■ **Task to complete**: Beginning with the line where "Gifts For 18th Birthday" appears, set down each line exactly until the records below end, and omit the pictures.
*** Records provided ***
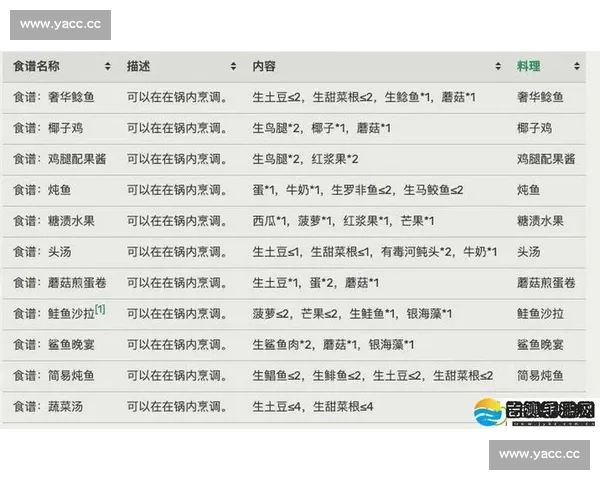 欧冠直播平台全景解析与高清赛事互动体验指南深度攻略分享全覆盖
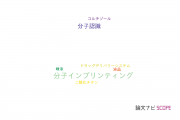 【論文データ】molecular imprinting（分子インプリンティング）の国内研究動向まとめ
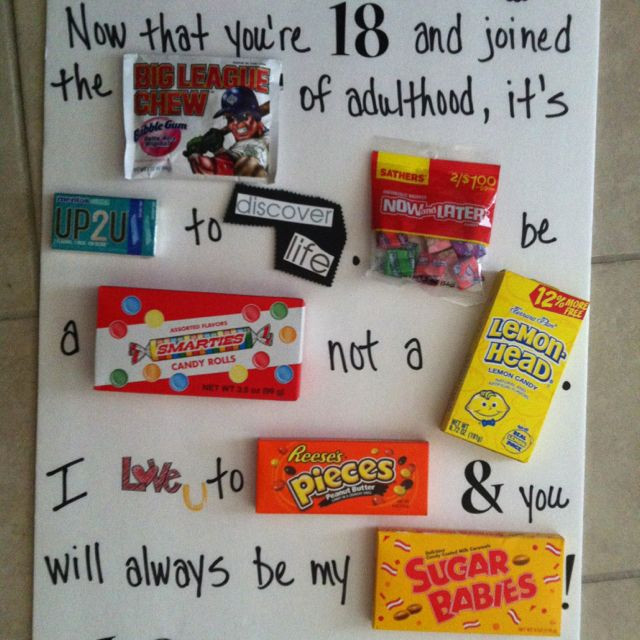 Gifts For 18th Birthday
 Candy card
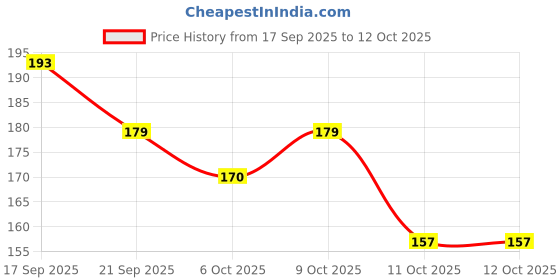 flipkart.com indie OuterSpace Silver Metallic Nail Polish Lacquer Quick Dry Long Lasting ToxicFree Outer Space indie Price History Graph from 17 Sep 2025 to 12 Oct 2025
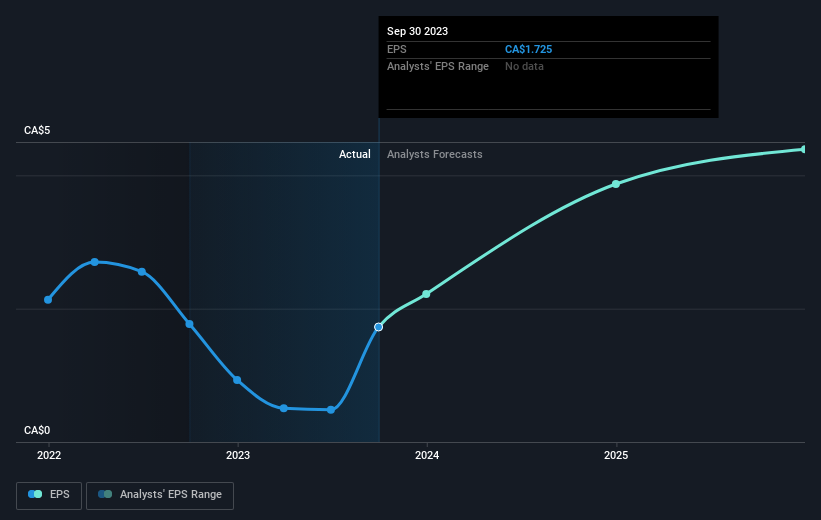 earnings-per-share-growth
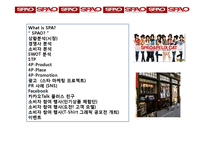 이랜드 SPA브랜드 SPAO의 성공전략-2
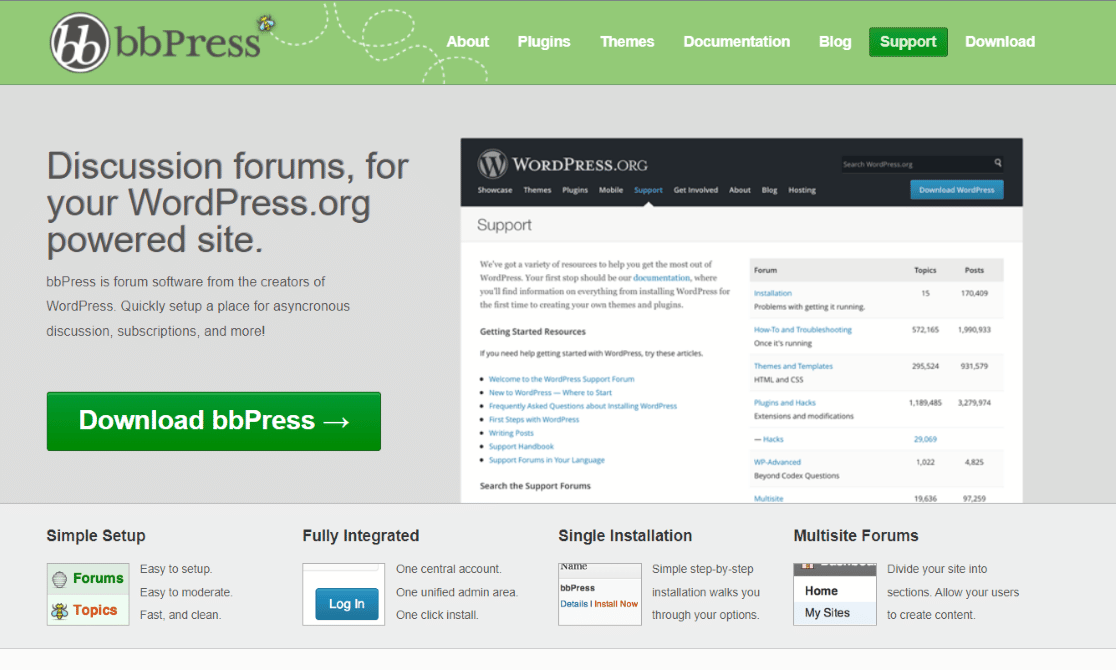 bbPress - WordPress-Forum-Plugin
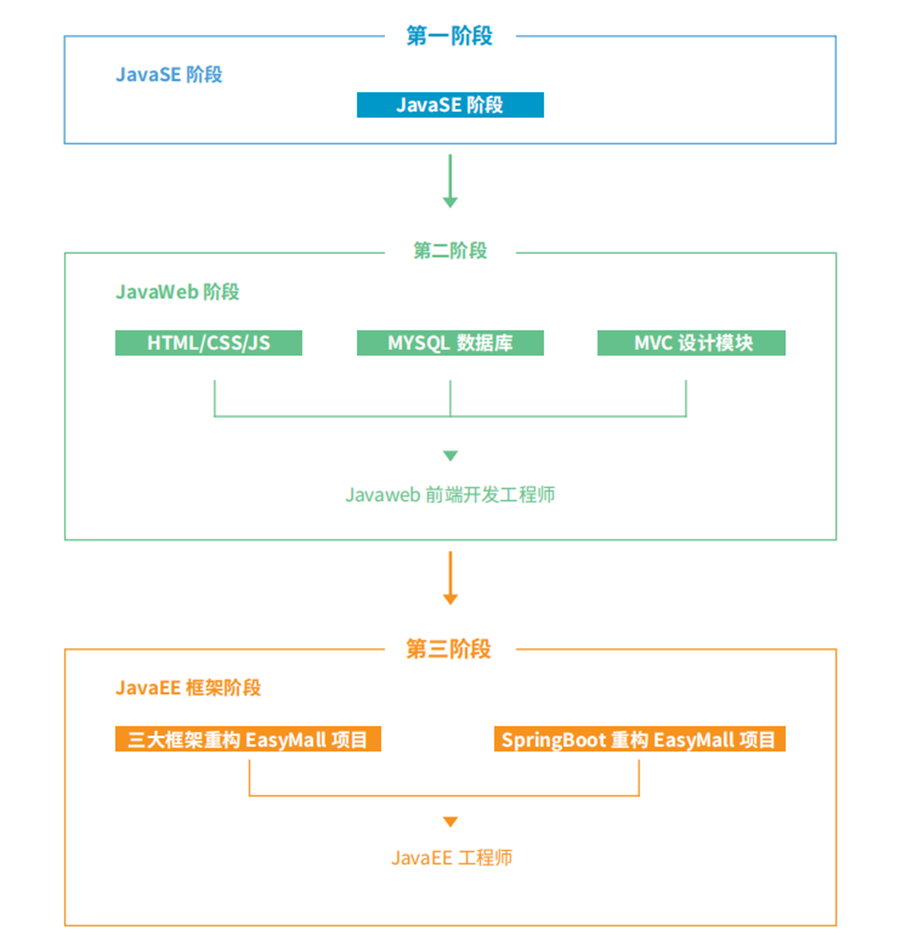 大数据开发培训机构全国排名前十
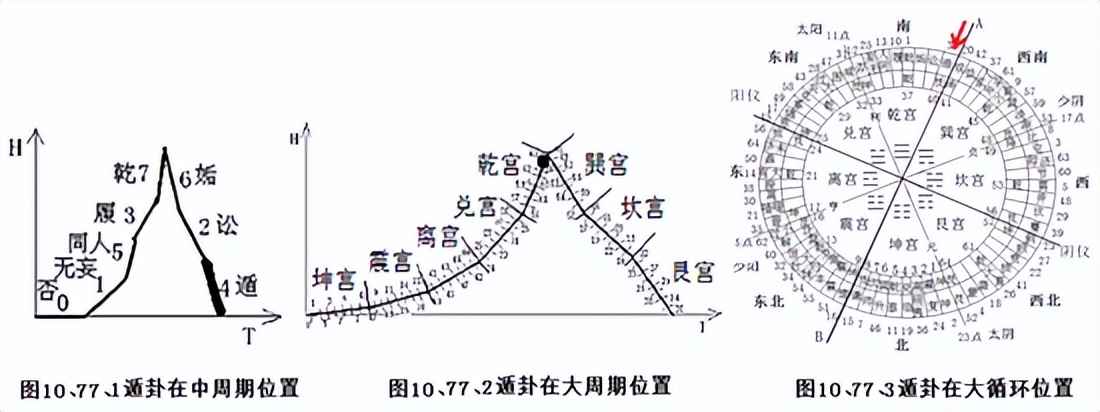 乾宫的故事详解,乾宫卦序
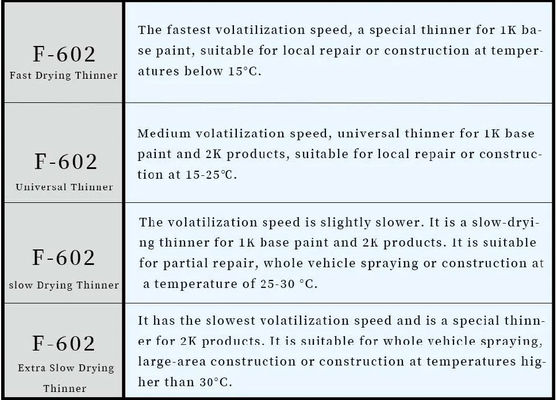 Car Clear Coat Universele dunner Hoog transparante slijtvastheid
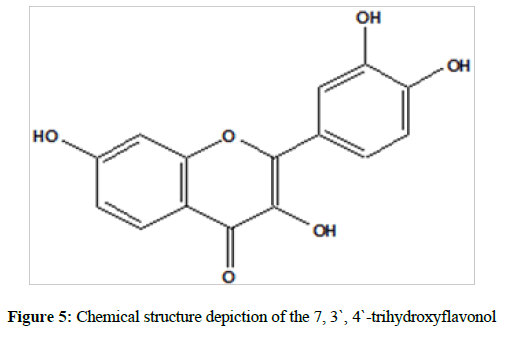 derpharmachemica-depiction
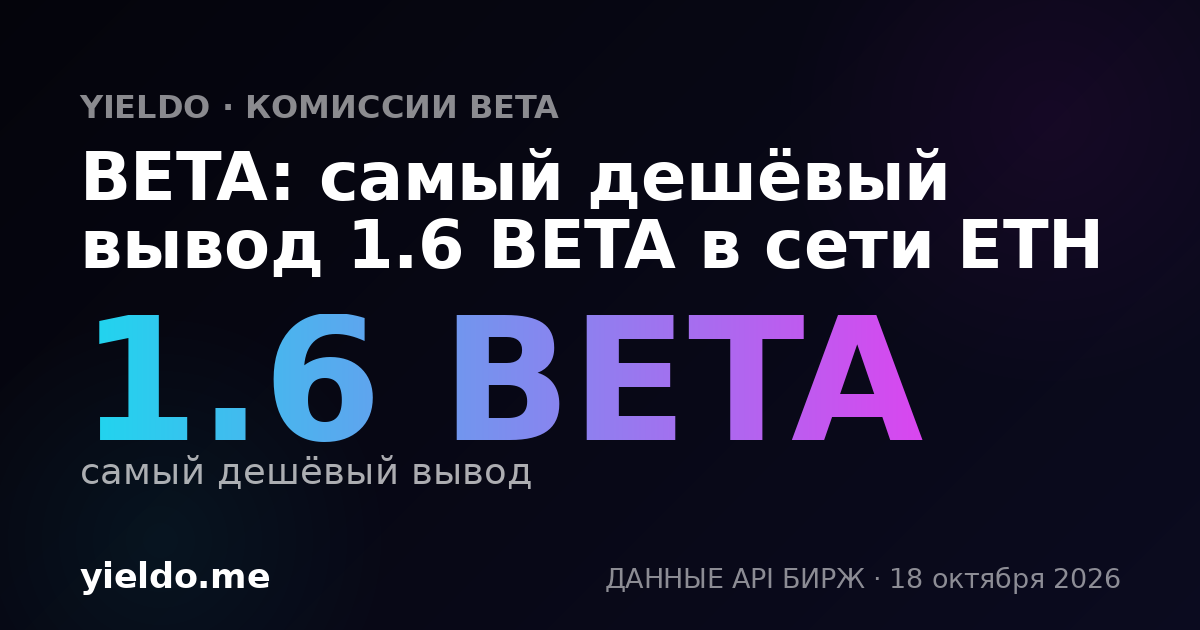 BETA: самый дешёвый вывод 1.6 BETA в сети ETH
*** End of Records provided ***
■ **Answer to the exercise**:
 Gifts For 18th Birthday
 Candy card
 flipkart.com indie OuterSpace Silver Metallic Nail Polish Lacquer Quick Dry Long Lasting ToxicFree Outer Space indie Price History Graph from 17 Sep 2025 to 12 Oct 2025
 earnings-per-share-growth
 이랜드 SPA브랜드 SPAO의 성공전략-2
 bbPress - WordPress-Forum-Plugin
 大数据开发培训机构全国排名前十
 乾宫的故事详解,乾宫卦序
 Car Clear Coat Universele dunner Hoog transparante slijtvastheid
 derpharmachemica-depiction
 BETA: самый дешёвый вывод 1.6 BETA в сети ETH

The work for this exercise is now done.